On June 9, 2023, the Markets in Crypto Assets Regulation (MiCAR) was finally published in the Official Journal of the European Union. It will officially enter into force 20 days later, on June 29, 2023. It will then take legal effect gradually. The rules on the issuance of asset-referenced tokens and e-money tokens will apply on June 30, 2024, and the remaining rules on the regulation of crypto service providers will apply on December 30, 2024. Crypto custodians will then be regulated by MiCAR. It has not yet been clarified whether German crypto custodians will additionally continue to be regulated by the German Banking Act (KWG) once the MiCAR rules on crypto service providers apply. It is indeed the case that the regulatory requirements for a crypto custody license under MiCAR are very similar to those for a crypto custody license under the German KWG. However, they are not congruent. It will admittedly take another year and a half before the regulatory requirements for crypto custodians under MiCAR will apply. Nevertheless, the German legislator and also BaFin as the competent supervisory authority in both cases must set the course in a timely manner so that crypto custodians regulated in Germany have sufficient time to prepare for the new regulatory situation.
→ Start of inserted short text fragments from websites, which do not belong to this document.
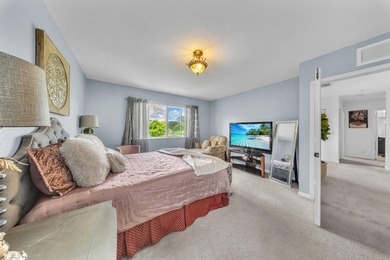 New Price! WPB resort-style lakefront living in this spacious - photo 28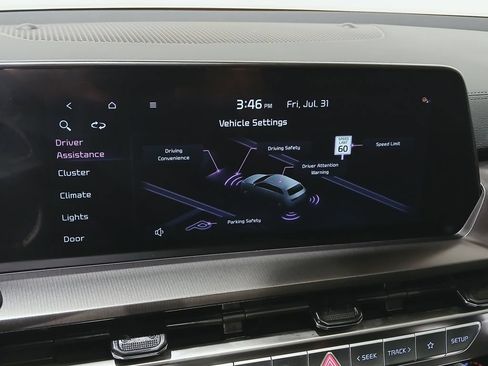 Used 2025 Kia Telluride S FWD image 27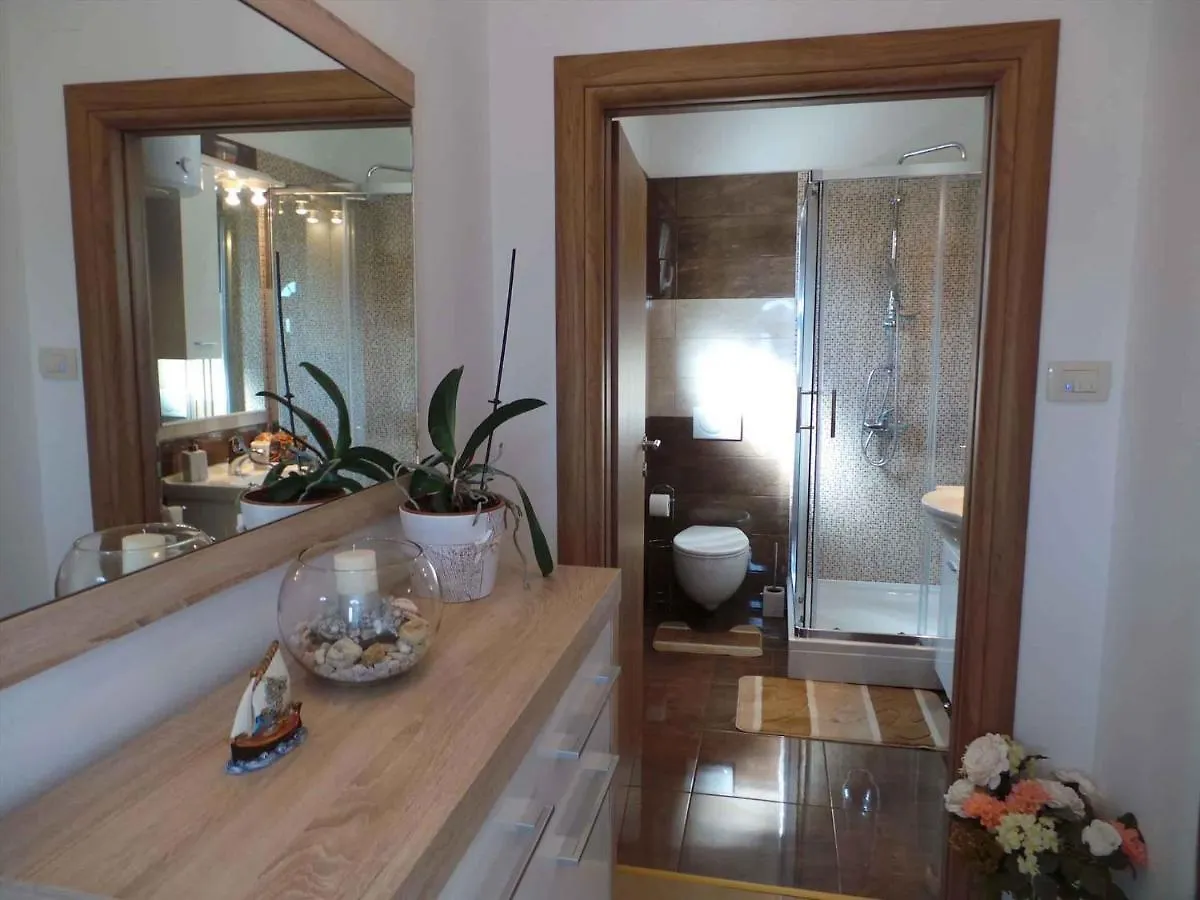 Apartment In Matulji 17036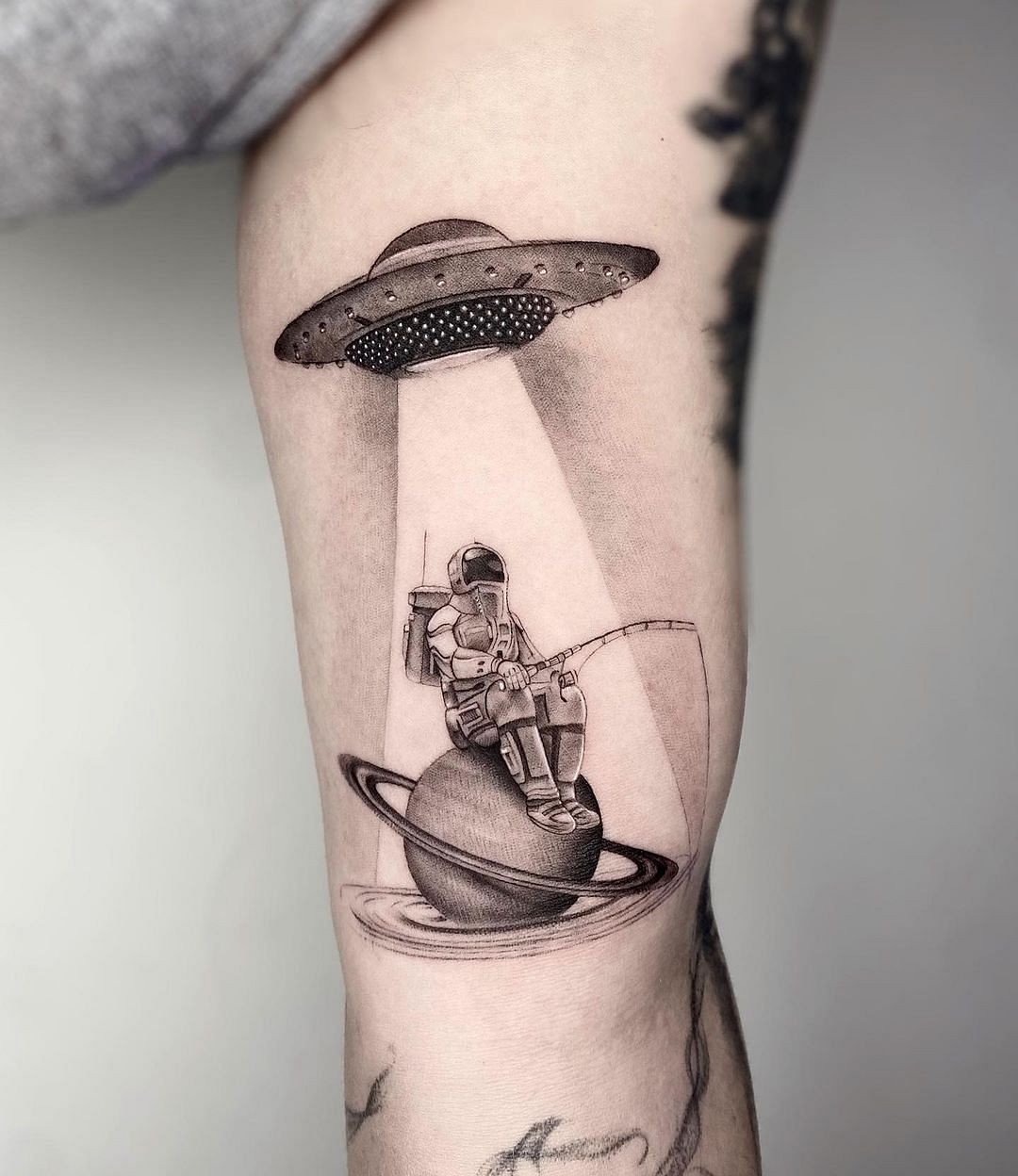 alien tattoo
Additional Regulatory Requirements for Crypto Custodians Imposed by MiCAR
MiCAR will impose some additional regulatory obligations on crypto custodians. For example, under the MiCAR regulatory regime, crypto custodians will in particular have to ensure that the crypto assets they hold for clients are kept strictly segregated from their own crypto assets. Such segregation of client assets is currently not regulated in the German KWG for crypto custodians, even though the legislator has already proposed corresponding provisions also for national law in the first draft bill for the Future Financing Act. It can therefore be assumed that the German legislator intends to introduce the obligation to segregate customers’ crypto assets under supervisory law in any case. However, it is not yet clear whether the adjustments will actually be made to the German KWG as currently envisaged or whether the legislator will perspectively opt for a departure from the national special regulation for crypto custodians. In the latter case, the obligation to segregate client assets would follow directly from MiCAR. However, abandoning the regulation of crypto custodians via the German KWG could lead to the corresponding institutions being in a worse position than they are with their current BaFin license.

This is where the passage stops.